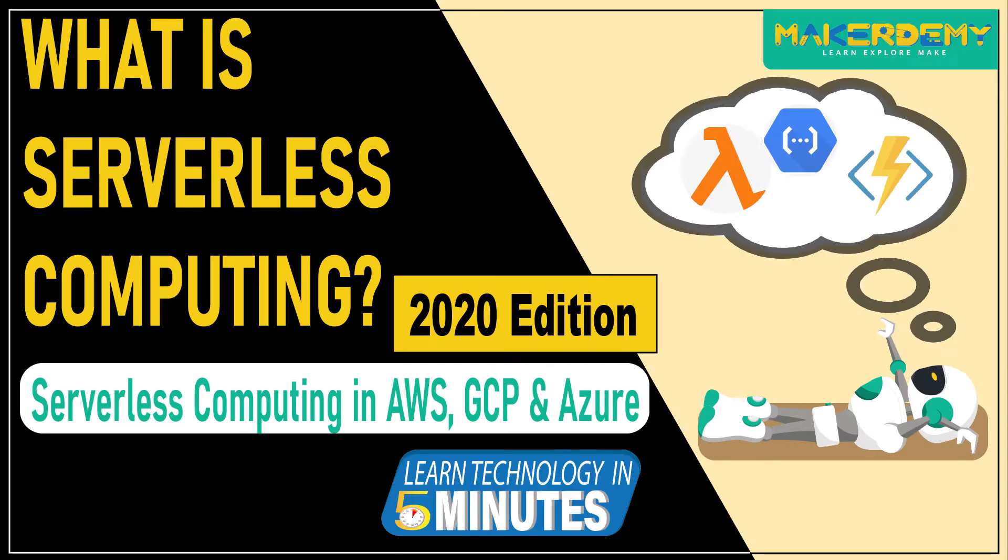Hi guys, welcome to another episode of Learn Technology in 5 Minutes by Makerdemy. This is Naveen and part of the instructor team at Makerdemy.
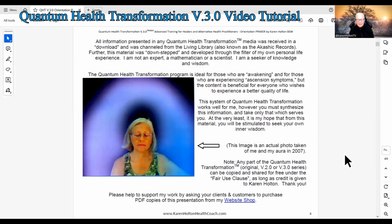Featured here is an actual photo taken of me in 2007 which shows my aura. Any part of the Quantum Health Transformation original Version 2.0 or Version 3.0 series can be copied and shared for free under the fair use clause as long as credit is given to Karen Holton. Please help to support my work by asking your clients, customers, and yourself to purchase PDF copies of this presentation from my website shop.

* * *

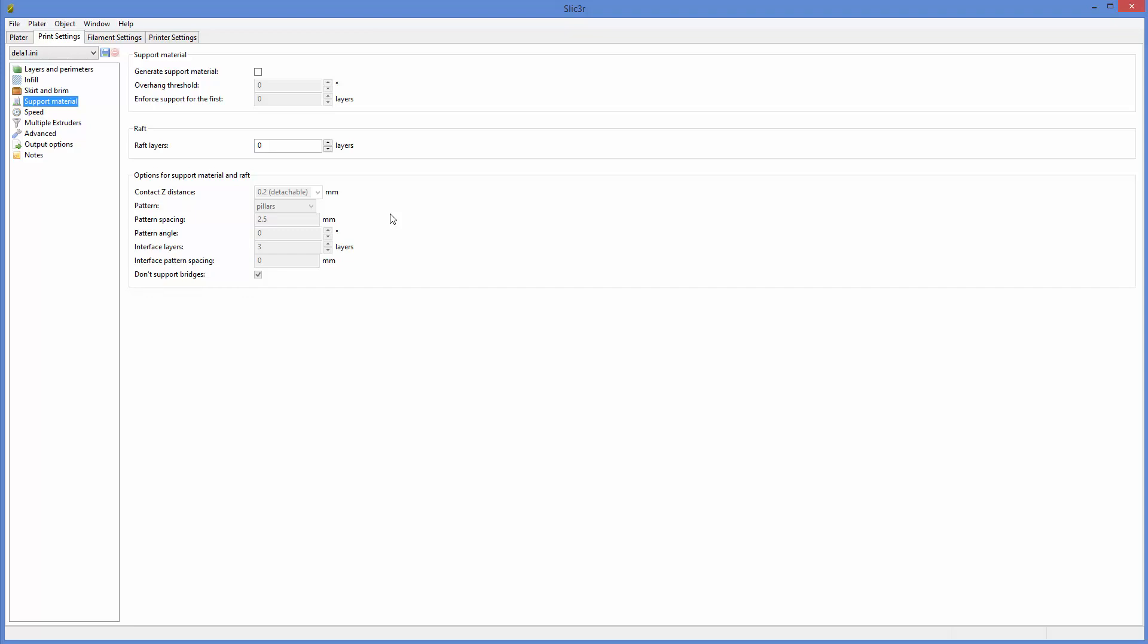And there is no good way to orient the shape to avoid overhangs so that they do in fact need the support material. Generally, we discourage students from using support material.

- _TASK DIRECTIONS_
Word for word, restate the lines above from the one with "Hi guys, welcome" through the one with "Featured here is", keeping both ends and dropping the pictures.

- _EXERCISE RESULT_
Hi guys, welcome to another episode of Learn Technology in 5 Minutes by Makerdemy. This is Naveen and part of the instructor team at Makerdemy.
Featured here is an actual photo taken of me in 2007 which shows my aura. Any part of the Quantum Health Transformation original Version 2.0 or Version 3.0 series can be copied and shared for free under the fair use clause as long as credit is given to Karen Holton. Please help to support my work by asking your clients, customers, and yourself to purchase PDF copies of this presentation from my website shop.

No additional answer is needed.